A crise e a saúde pública

06/01/2016

Dívida global do setor já ultrapassa R$ 21 bilhões. Em 2015, saldo final teve o fechamento de 218 hospitais e 11 mil leitos, além de 39 mil trabalhadores demitidos.

 

A história da saúde pública, no Brasil, tem se caracterizado por crises crônicas, expondo a sociedade ao drama da desassistência, especialmente na área médico-hospitalar, vítima permanente de um Estado incapaz de se organizar com níveis aceitáveis de eficácia nesse importante setor. Não bastasse o descaso da União, com o financiamento das ações e serviços de saúde, ao longo de décadas – inclusive durante a vigência da CPMF – a descentralização, ou municipalização, com hierarquização, tem sido um fiasco na maioria dos estados e municípios, incapazes de uma gestão competente e responsável.

Presentemente, a situação se acha agravada ainda mais pela conjuntura de crises vivenciadas pelo país: política, econômico-financeira, moral e ética. Chegamos ao último trimestre do ano com os hospitais universitários exauridos e sem condições de honrar os seus compromissos, com greves de servidores, falta de materiais e medicamentos, sucateamento físico e tecnológico – veja-se o caso do Rio de Janeiro. O resultado é um só: desassistência da população em níveis inaceitáveis.

Não é diferente a situação das santas casas e hospitais sem fins lucrativos, responsáveis pela maior parcela da assistência hospitalar do Sistema Único de Saúde (SUS), atuando de forma complementar a uma rede pública estatal insuficiente.
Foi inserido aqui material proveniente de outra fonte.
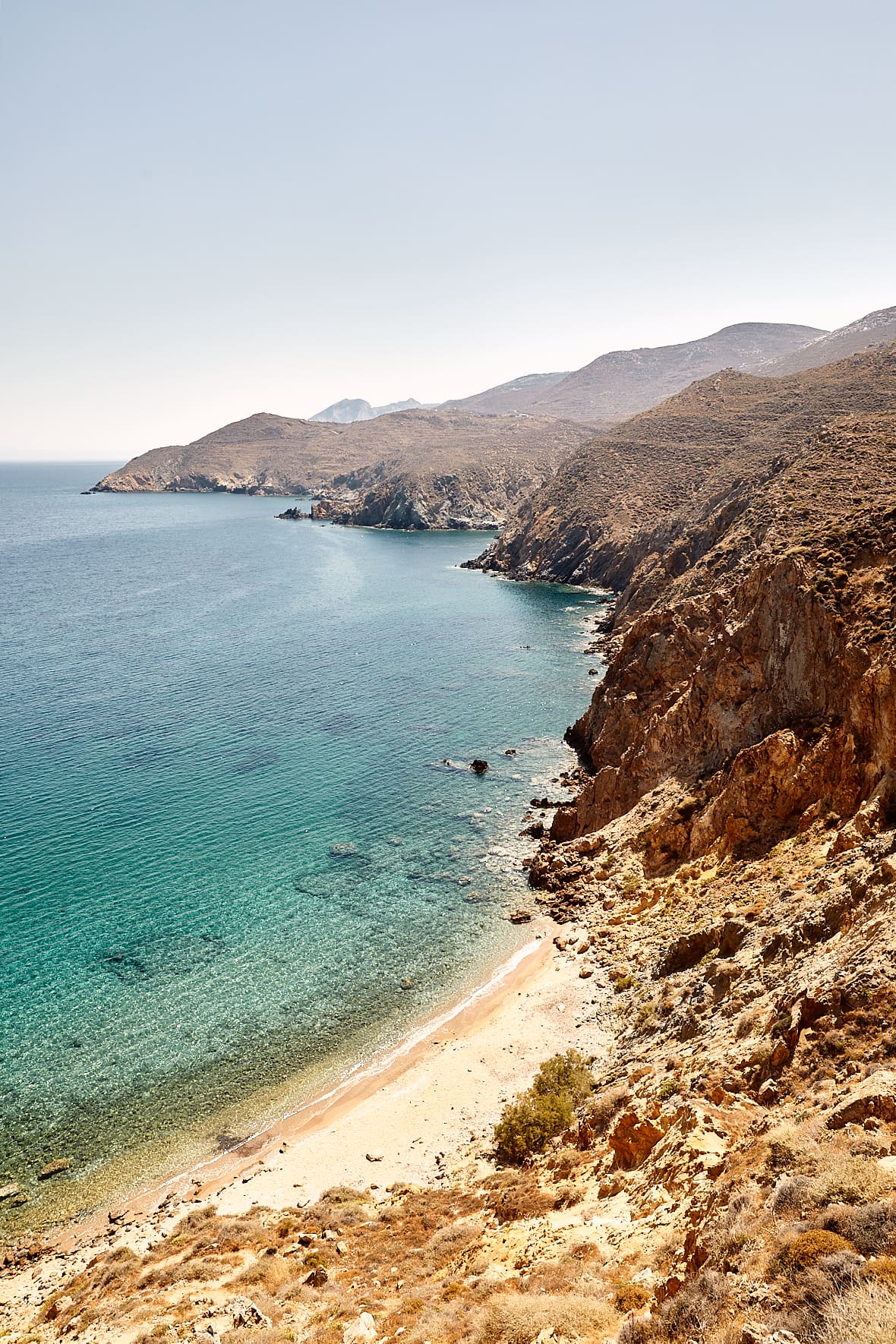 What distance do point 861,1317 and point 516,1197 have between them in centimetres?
1080

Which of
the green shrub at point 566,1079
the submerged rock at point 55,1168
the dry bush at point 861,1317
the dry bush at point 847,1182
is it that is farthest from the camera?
the submerged rock at point 55,1168

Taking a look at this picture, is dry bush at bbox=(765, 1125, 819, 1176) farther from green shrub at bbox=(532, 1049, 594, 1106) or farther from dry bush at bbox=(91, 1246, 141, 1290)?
dry bush at bbox=(91, 1246, 141, 1290)

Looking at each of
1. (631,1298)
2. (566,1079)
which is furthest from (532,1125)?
(631,1298)

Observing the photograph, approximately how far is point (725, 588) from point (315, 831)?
2810 centimetres

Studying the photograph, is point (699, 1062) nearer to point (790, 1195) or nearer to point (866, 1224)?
point (790, 1195)

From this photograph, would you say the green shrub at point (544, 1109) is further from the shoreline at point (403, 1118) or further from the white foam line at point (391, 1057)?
the white foam line at point (391, 1057)

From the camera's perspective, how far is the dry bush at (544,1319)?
11.8 m

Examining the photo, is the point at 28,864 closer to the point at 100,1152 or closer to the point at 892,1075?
the point at 100,1152

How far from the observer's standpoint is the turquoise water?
27.9 meters

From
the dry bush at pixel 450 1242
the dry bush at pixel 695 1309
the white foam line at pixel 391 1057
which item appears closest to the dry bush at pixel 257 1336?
the dry bush at pixel 450 1242

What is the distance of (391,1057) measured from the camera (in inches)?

Para garantir o acesso da população, têm recorrido a empréstimos bancários a juros insuportáveis perante o subfinanciamento dos serviços que presta a este. O setor sem fins lucrativos é responsável, hoje, por mais de 50% das internações de média e alta complexidade do SUS; por mais de 60% dos transplantes e tratamentos de câncer realizados no país; e por ser a única unidade de saúde na maioria dos municípios com menos de 30 mil habitantes. As entidades têm tentado manter sua missão histórica de cuidar e atender os mais necessitados, tornando-se a maior parceira do SUS.

Contudo, mais uma vez, o desgoverno que se instalou em nosso país feriu de morte as finanças dessas instituições. A dívida global deste setor já ultrapassa R$ 21 bilhões, causada pelo subfinanciamento e descaso dos governantes. O saldo final, em 2015, foi o fechamento de 218 hospitais e 11 mil leitos, além de 39 mil trabalhadores demitidos. O que mais será necessário acontecer para que o Governo cumpra seu papel e custeie a saúde da população?

A exemplo do que ocorreu no final do ano passado, estes hospitais também neste sofreram outra “pedalada”: os recursos para o pagamento da média e alta complexidade (MAC), que lhes é devido no início de cada mês, foram liberados pelo Tesouro Nacional e transferidos aos fundos de Saúde de estados e municípios somente em 21 de dezembro. Com a burocracia que envolve essas transferências, e as festas de final de ano, mais uma vez o dinheiro estará disponível na conta dos prestadores apenas no início de 2016, desestruturando todo o fluxo de caixa dessas instituições.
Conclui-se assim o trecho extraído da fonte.